§ **Work task**
Every line from the one with "Anaita Teal-Blue Premium" to the end of the listing below must be printed exactly, with no other text and no pictures.

§ **Data block**
· · ·
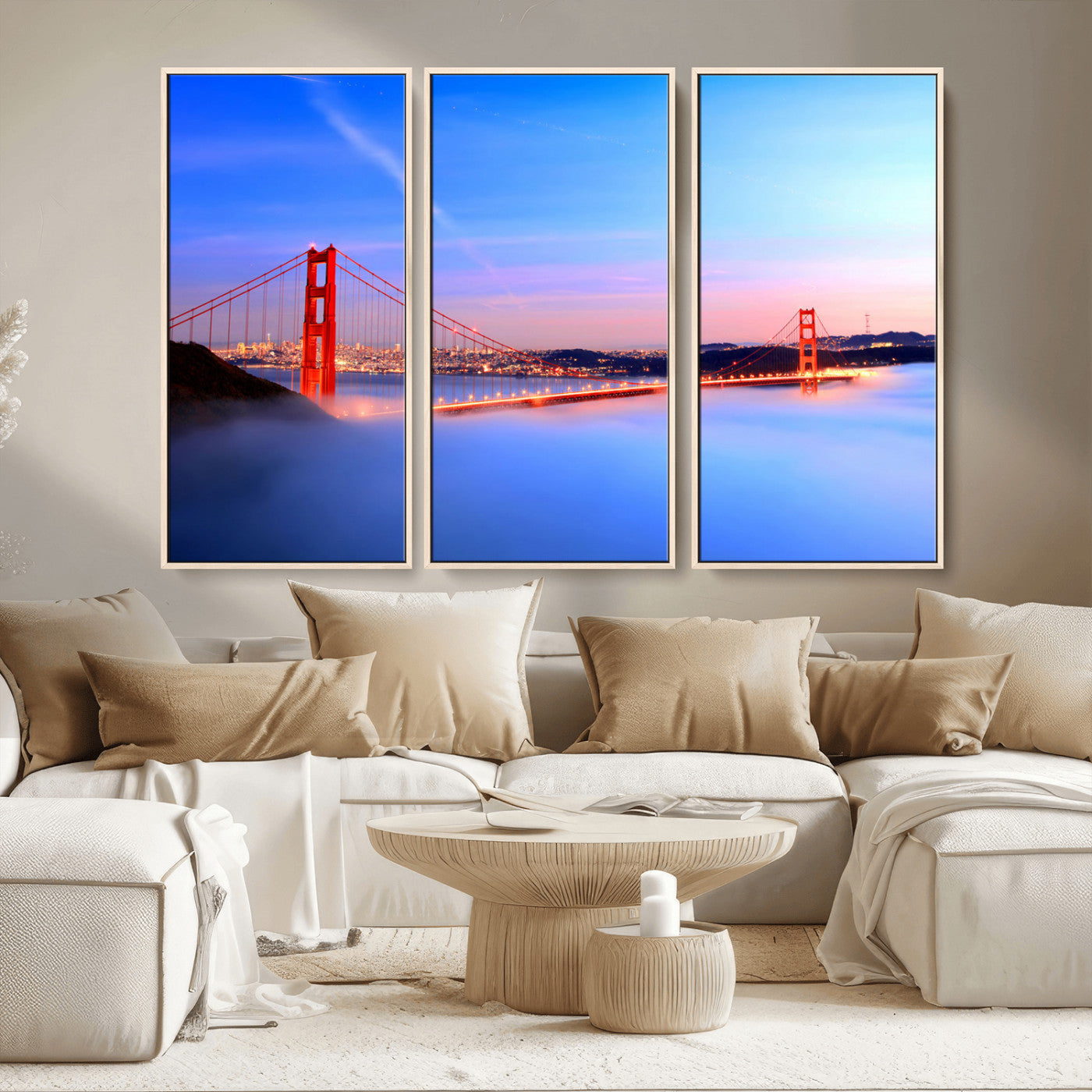 MGV-FC-48X32-3P - Golden Gate Bridge Wall Art Print, San Francisco Sunset Canvas Wall Art, Cityscape Canvas Print for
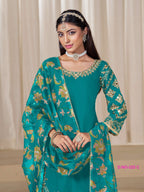Anaita Teal-Blue Premium Embroidered Roman Silk Salwar Suit | Grocsy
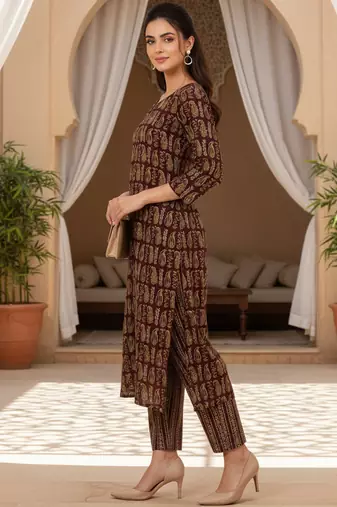 women maroon cotton paisley printed straight kurta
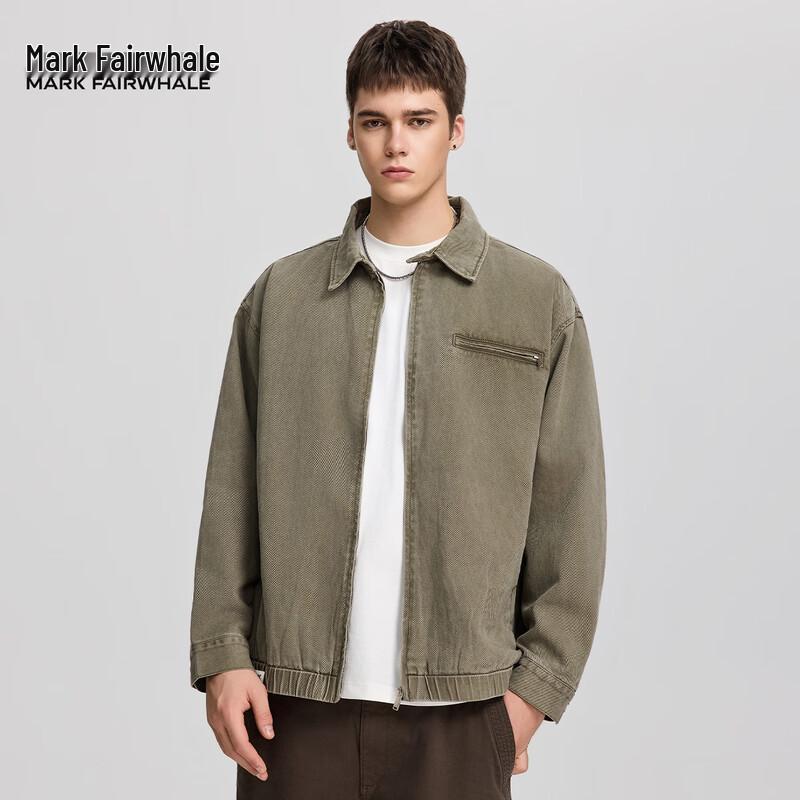 Mark Fairwhale Men's American Retro Loose-Fit Zipper Cotton Jacket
· · ·
§ **Problem solution**
Anaita Teal-Blue Premium Embroidered Roman Silk Salwar Suit | Grocsy
 women maroon cotton paisley printed straight kurta
 Mark Fairwhale Men's American Retro Loose-Fit Zipper Cotton Jacket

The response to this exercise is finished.